Antes desse sistema, segundo eles, o teor de açúcar da cana na região de Jaú era de 145 quilos por tonelada, em média. No caso de alguns produtores, o volume de açúcar chegava até a 160 quilos por tonelada.
Na safra de 2009/2010, segundo afirmam, o teor de açúcar caiu para 130 quilos por tonelada por determinação das usinas. Perdemos 15 quilos de ATR por tonelada ou R$ 5,23 por tonelada, considerando que o quilo de ATR foi de R$ 0,3492 nesta safra, afirma Luiz Fernando Martins Auler, produtor de cana de Jaú.
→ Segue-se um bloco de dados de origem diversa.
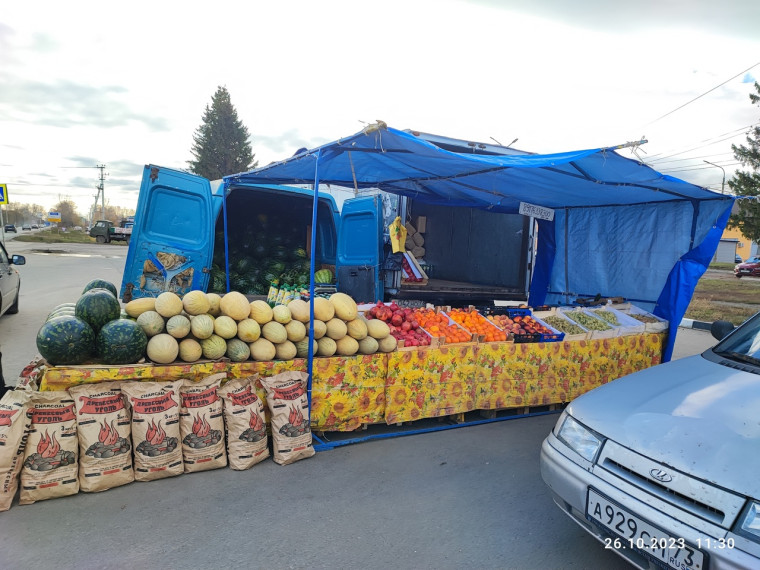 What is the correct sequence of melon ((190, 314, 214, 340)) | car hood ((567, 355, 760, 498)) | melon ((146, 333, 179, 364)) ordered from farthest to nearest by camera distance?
1. melon ((190, 314, 214, 340))
2. melon ((146, 333, 179, 364))
3. car hood ((567, 355, 760, 498))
Antes de a Cosan entrar na região, com a compra da Usina da Barra, eu estava livre para vender a cana para qualquer usina por um preço justo. De 2006 para cá, só posso vender para a Cosan e por um preço baixo. Existe um cartel na região, que está acabando com o produtor, afirma A.C., produtor de cana há 15 anos em Jaú, que não quis se identificar.
Ele afirma que, como sua plantação está no quintal da Usina da Barra, só pode fornecer para ela, apesar de tentar negociar com outras usinas.
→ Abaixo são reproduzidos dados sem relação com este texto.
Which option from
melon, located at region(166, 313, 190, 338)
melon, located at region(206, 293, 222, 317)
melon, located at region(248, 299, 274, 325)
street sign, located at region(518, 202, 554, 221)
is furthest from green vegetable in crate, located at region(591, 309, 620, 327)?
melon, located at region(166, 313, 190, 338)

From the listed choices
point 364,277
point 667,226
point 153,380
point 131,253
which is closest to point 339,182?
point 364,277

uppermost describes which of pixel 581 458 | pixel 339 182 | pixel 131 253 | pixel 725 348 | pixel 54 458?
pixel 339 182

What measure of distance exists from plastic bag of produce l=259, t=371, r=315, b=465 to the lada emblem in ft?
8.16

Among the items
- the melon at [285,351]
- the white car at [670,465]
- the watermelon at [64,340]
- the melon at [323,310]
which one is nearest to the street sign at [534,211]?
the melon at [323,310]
As indústrias que estariam envolvidas na suposta prática de cartel, segundo os produtores, são Usina da Barra, Dois Córregos e Diamante, que pertencem à Cosan, as usinas Santa Cândida, Della Coletta e Paraíso (do grupo Paraíso Bioenergia), além da destilaria Grizzo. Todas negam a existência de qualquer tipo de cartel e informam que os contratos seguem regras de livre mercado.
Os grandes grupos desejam dominar desde a produção até a exportação de açúcar e álcool. O sistema de ATR não é transparente para o fornecedor. O teor de açúcar considerado é menor do que o real. Tentei vender para outras usinas e não consegui, diz Maria da Penha Lombardi, fornecedora há 12 anos para a Usina da Barra.
Na Justiça
Na região de Araçatuba, plantadores de cana recorreram à Justiça para ter a liberdade de venda da cana. No início deste mês, decisão da Justiça beneficiou 11 produtores. Quando eles procuravam uma usina para vender, a resposta era não, por conta dessa divisão de território entre os usineiros. Existe um acordo de cavalheiros entre eles muito difícil de mudar, afirma Jonair Nogueira Martins, diretor jurídico da Producor (Associação dos Produtores Rurais de Coroado), que defende os produtores de cana da região.
Martins diz que, além da prática de reserva de mercado, outro problema na região de Araçatuba é a difícil situação financeira das usinas e a inadimplência com os produtores.
Em outras regiões, como a de Ribeirão Preto, produtores também dizem estar preocupados com possíveis reflexos de aquisições e concentração no setor, liderada por multinacionais como a Louis Dreyfus.